• [Work to complete] The whole answer is the data below, retyped exactly.

• [Collected material]
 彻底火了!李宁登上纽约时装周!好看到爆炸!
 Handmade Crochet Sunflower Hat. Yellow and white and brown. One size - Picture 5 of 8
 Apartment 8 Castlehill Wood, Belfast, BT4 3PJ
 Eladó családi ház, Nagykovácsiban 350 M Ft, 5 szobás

• [Solution to this exercise]
 彻底火了!李宁登上纽约时装周!好看到爆炸!
 Handmade Crochet Sunflower Hat. Yellow and white and brown. One size - Picture 5 of 8
 Apartment 8 Castlehill Wood, Belfast, BT4 3PJ
 Eladó családi ház, Nagykovácsiban 350 M Ft, 5 szobás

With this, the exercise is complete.